Greasing the Audit Skids by Exposing Business Processes

Auditors are a necessary evil in a new era of compliance marked by Sarbanes-Oxley, HIPAA and other regulations.

Given that new reality, the best course of action is not to bemoan the current state of affairs, but rather take steps to reduce the amount of time auditors need to determine whether your company is compliant. After all, your company is paying auditors by the hour to determine whether the company complies with regulations, so the sooner you get them out of everybody’s hair, the better. Productivity also takes a hit because of the auditing process, as more and more people get pulled away from revenue-generating tasks to assist with the audit.

To get rid of auditors sooner, you need to think about making your business processes as digitally transparent as possible. For example, Broadcom CIO Ken Venner says his company has come through two SarbOx audits with flying colors, thanks to an investment the company made in a suite of Digital Guardian tools from Verdasys in Waltham, Mass.

Broadcom originally invested in the Verdasys tool set, which keeps track of what information is being sent where and prohibits certain data from being distributed without permission, as a way to help safeguard its intellectual property. This information could, for example, be inadvertently e-mailed by an employee to someone outside the company.

An unanticipated upside of that effort was that when Broadcom had to deal with auditors, the Verdasys system, coupled with custom workflow tools and BMC Software’s Remedy I.T. management package, provided the auditors with a clear-cut path to follow across multiple business processes.

That path is created by deploying agent software on all files, tracked by a Verdasys server that can prevent documents from being downloaded to a USB device or even printed.

Similarly, Aspen Aerogels, a maker of synthetic gels for thermal and acoustic applications, turned to IBS America in Lexington, Mass., a provider of a document management framework for environments dealing with compliance issues.

According to Aspen Aerogels quality manager Ann Upton, the company uses the IBS software to keep track of customer interactions and supplier information. She said the vast majority of the company’s employees are already trained on how to use the system, but for the most part the system is transparent to the employees because it does not require any major changes to their workflow to keep track of which documents were attached to a specific business process. In the event of an audit, this means that auditors would be able to quickly follow the flow of information across the company.

In both instances, an ounce of prevention is worth several pounds of cure because the information systems in place make it easier to follow who has access to what data, and when.
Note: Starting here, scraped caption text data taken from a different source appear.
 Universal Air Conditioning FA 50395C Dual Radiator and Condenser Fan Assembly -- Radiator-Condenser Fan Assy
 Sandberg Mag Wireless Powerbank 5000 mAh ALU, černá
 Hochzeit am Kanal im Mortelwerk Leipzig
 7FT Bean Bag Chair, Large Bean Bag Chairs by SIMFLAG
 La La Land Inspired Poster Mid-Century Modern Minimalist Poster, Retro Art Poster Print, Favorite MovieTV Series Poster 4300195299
Most auditors are not looking for immense amounts of detail. What they are looking for is clearly delineated processes that are then effectively monitored. When they can’t follow those processes, they have to try to reconstruct them. Once that happens, they basically move in, complete with assigned office space that, in addition to billable hours, gets paid for by the chief financial officer.
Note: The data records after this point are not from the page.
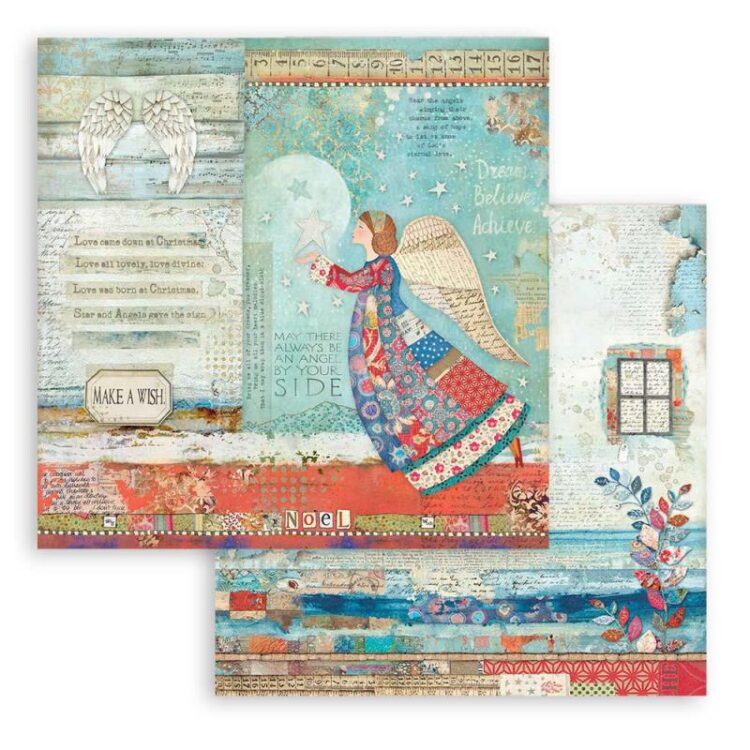 SBB807_1 STAMPERIA CHRISTMAS PATCHWORK КАРТОН 31,5/30,5 СМ - SBB807 - Изображение 1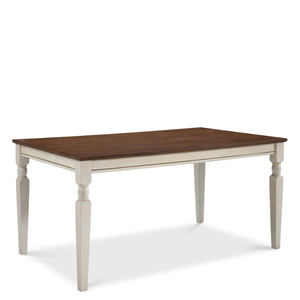 Mesa de comedor rectangular para exterior e interior, mesa de comedor de madera, muebles clásicos sencillos para exterior e interior - Product Image 2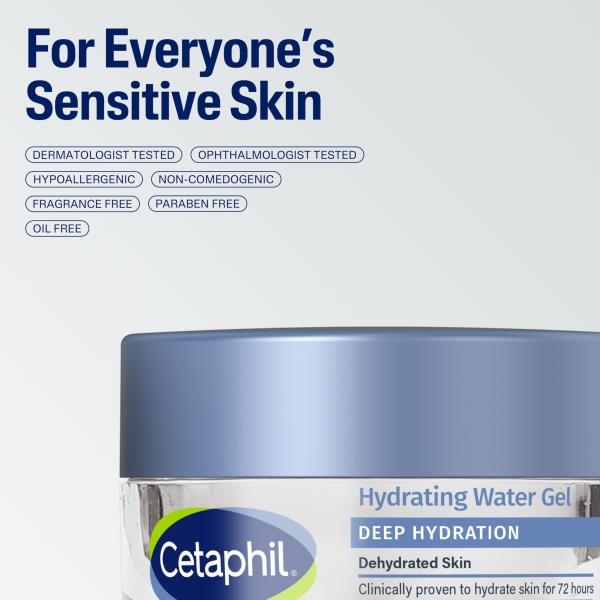 (2) Cetaphil Deep Hydration Skin Restoring Water Gel 1.7 oz, Fragrance Free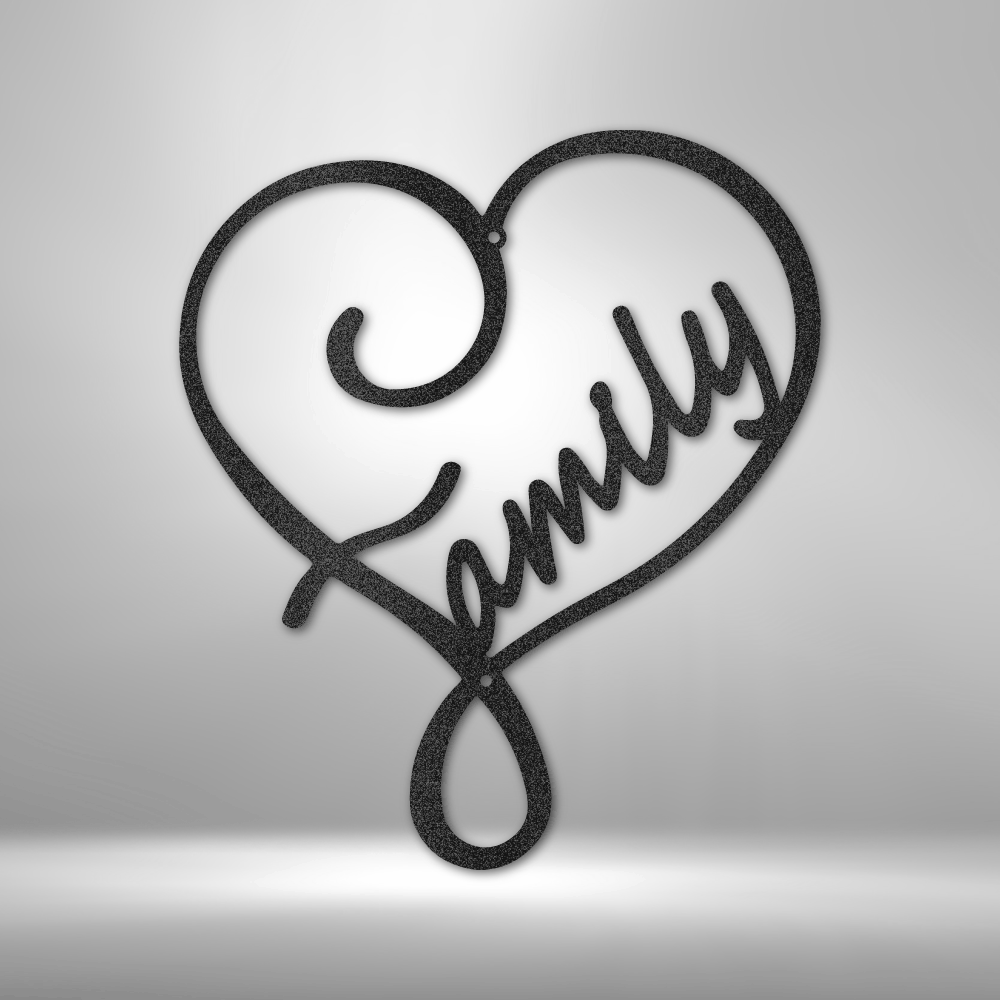 Family Love Steel Sign Steel Art Wall Metal Decor-Express Your Love Gifts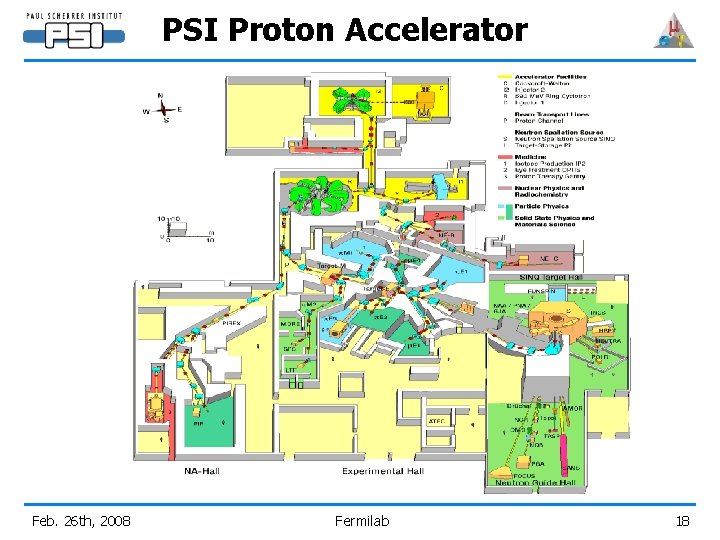 PSI Proton Accelerator Feb. 26 th, 2008 Fermilab 18 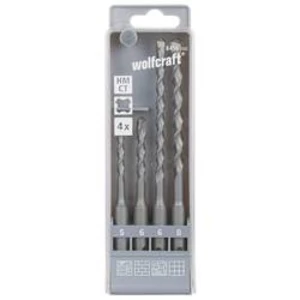 Sada příklepových vrtáků Wolfcraft 8456000 tvrdý kov SDS plus, Ø 5 mm, 6 mm, 6 mm, 8 mm, 1 sada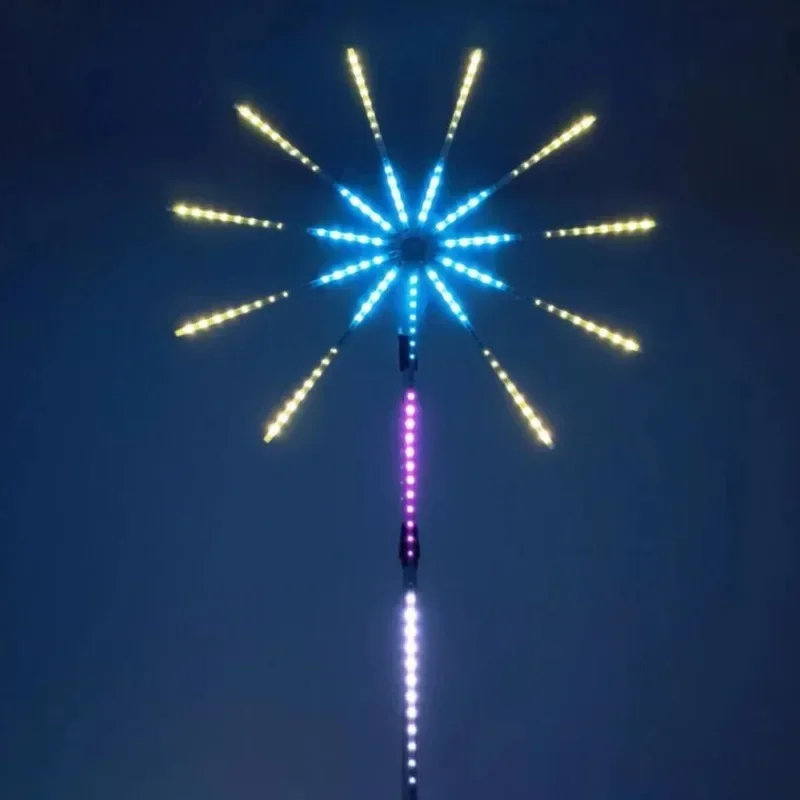 Outdoor courtyard decoration colorful ambient light LED electronic gift light voice-activated pickup customization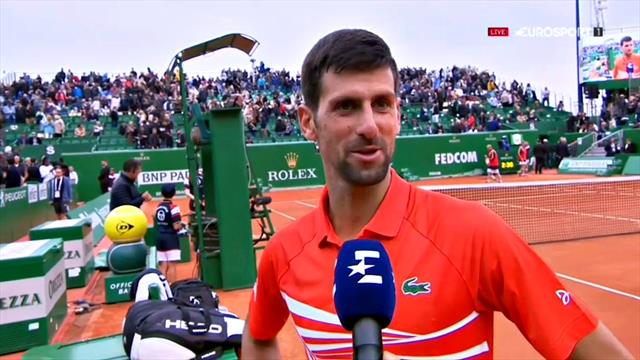 Djokovic : "Beaucoup de hauts et de bas mais une victoire est une victoire" Djokovic : "Beaucoup de hauts et de bas mais une victoire est une victoire"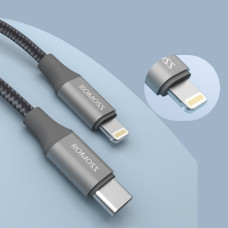 Кабель Romoss CB1737 Type-C/Lightning PD27W/9V3A 1m(CB1737-631-G43H)сірий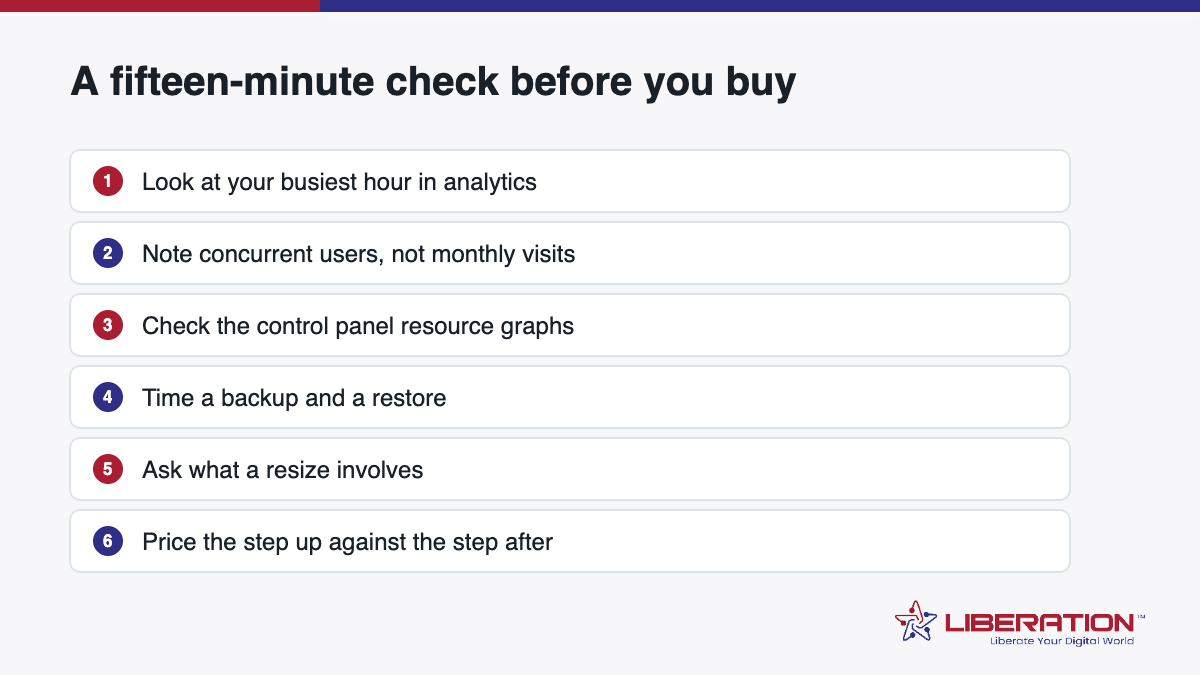 A fifteen-minute check before buying a private cloud for small business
Beyond getting auditors out the door faster, these systems usually provide greater visibility into the business. Having these systems can expose the fact that the company’s biggest customer is actually its least profitable customer, or that one particular business unit is consuming 80% of the back-office services that the rest of the company pays for, making that unit a lot less profitable in reality than it is on paper.

Of course, you can always hope that this compliance rage will blow over once Congress figures out that the cost of being compliant is causing a drain on productivity, which recently dropped for the first time in many years. But it will take a few hundred thousand audits to quantify compliance’s draining effect on productivity. And in any case, it may be too early to determine whether the tasks of complying may actually increase productivity down the road by forcing us to have greater visibility into our business processes.

In the meantime, minimizing the amount of time auditors spend with your company is never a bad strategy.